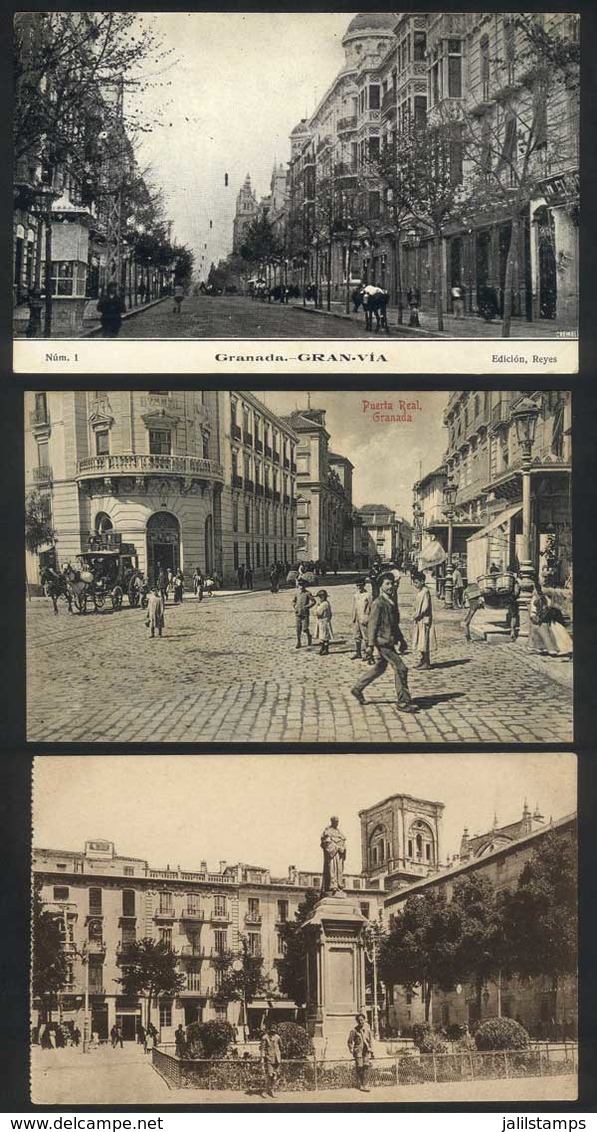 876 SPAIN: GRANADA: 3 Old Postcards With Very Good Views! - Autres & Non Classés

= = =

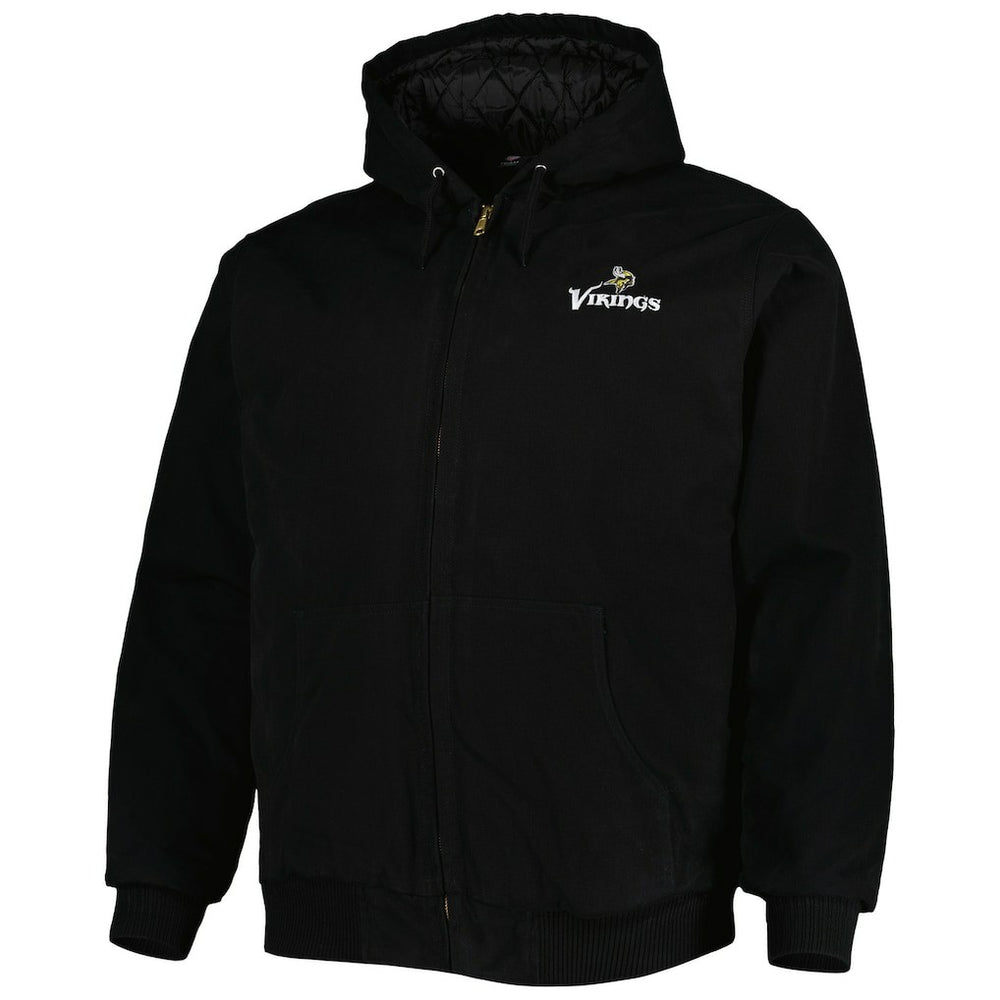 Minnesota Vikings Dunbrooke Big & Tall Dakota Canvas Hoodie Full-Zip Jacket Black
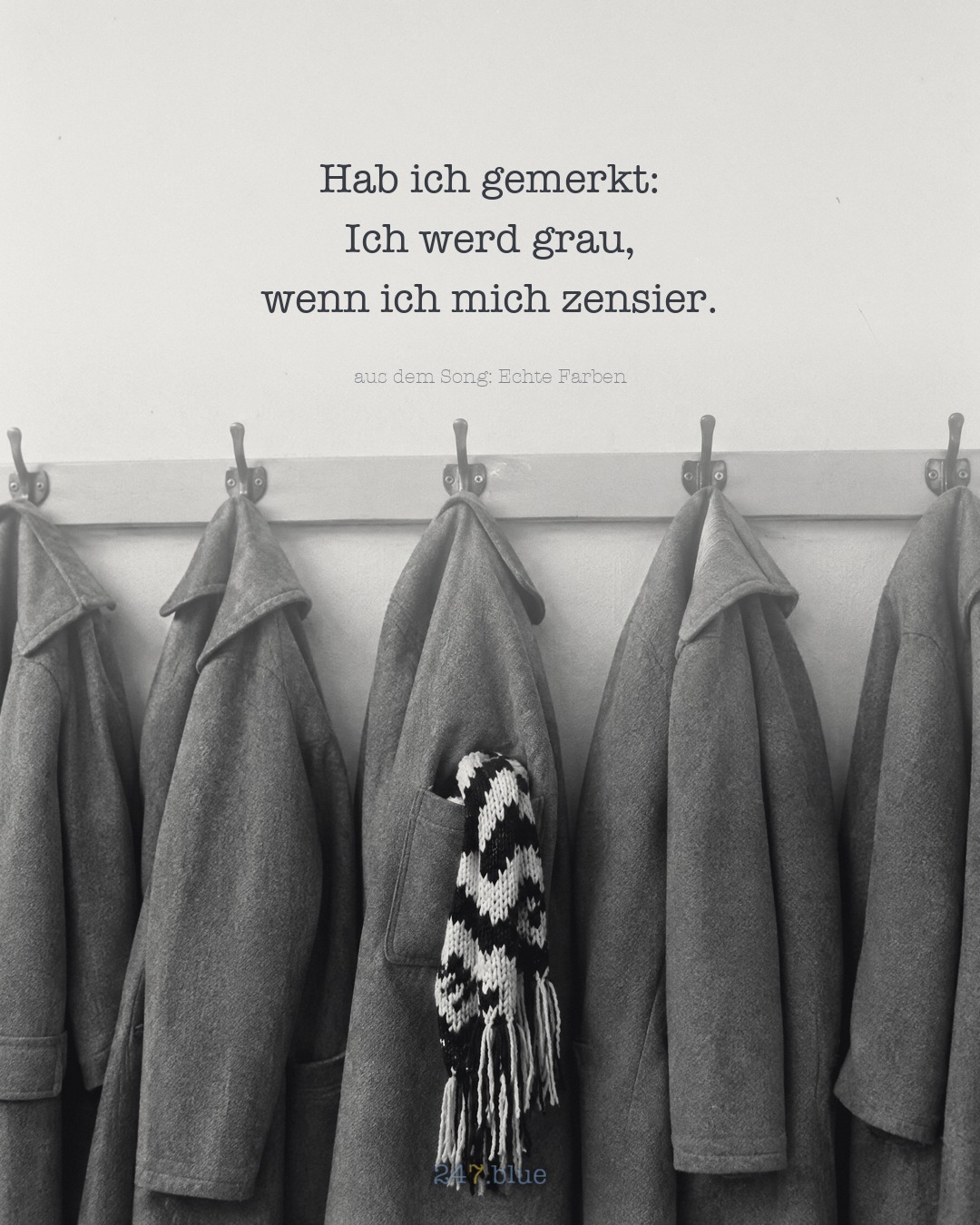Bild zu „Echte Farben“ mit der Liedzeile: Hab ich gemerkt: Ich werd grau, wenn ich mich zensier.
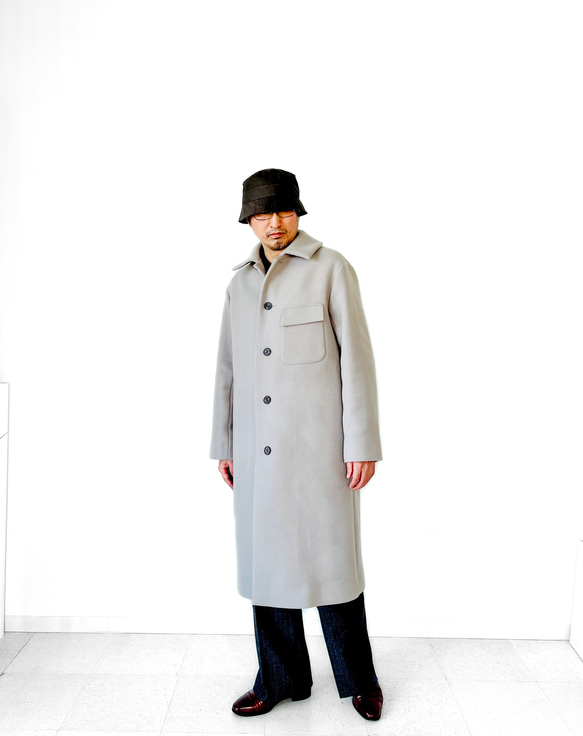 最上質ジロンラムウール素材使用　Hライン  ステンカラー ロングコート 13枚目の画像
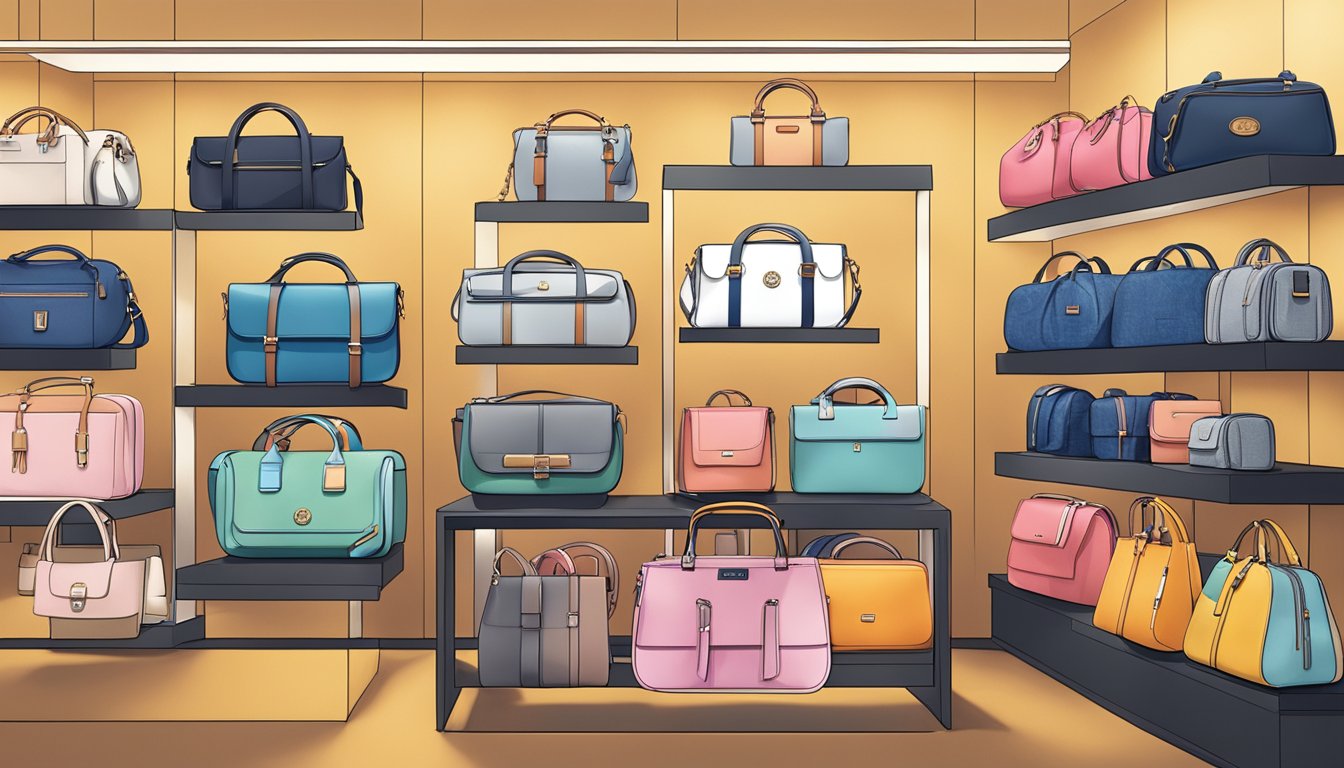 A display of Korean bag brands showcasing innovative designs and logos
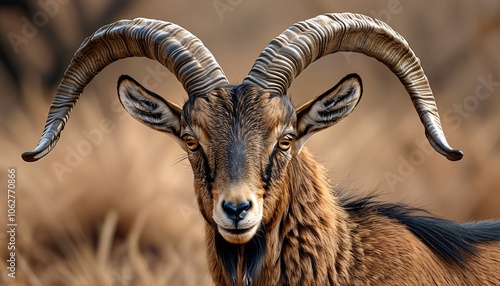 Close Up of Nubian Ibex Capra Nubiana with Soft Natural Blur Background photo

= = =

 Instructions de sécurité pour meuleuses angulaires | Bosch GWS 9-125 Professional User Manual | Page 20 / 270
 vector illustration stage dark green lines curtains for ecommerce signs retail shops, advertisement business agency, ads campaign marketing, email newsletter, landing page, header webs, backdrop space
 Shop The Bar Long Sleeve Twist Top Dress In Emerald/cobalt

= = =

• Task brief
Quote word for word only the lines above from the one containing "A display of" through the one containing "Close Up of". Pictures stay out of your copy.

• Result below
 A display of Korean bag brands showcasing innovative designs and logos
 Close Up of Nubian Ibex Capra Nubiana with Soft Natural Blur Background photo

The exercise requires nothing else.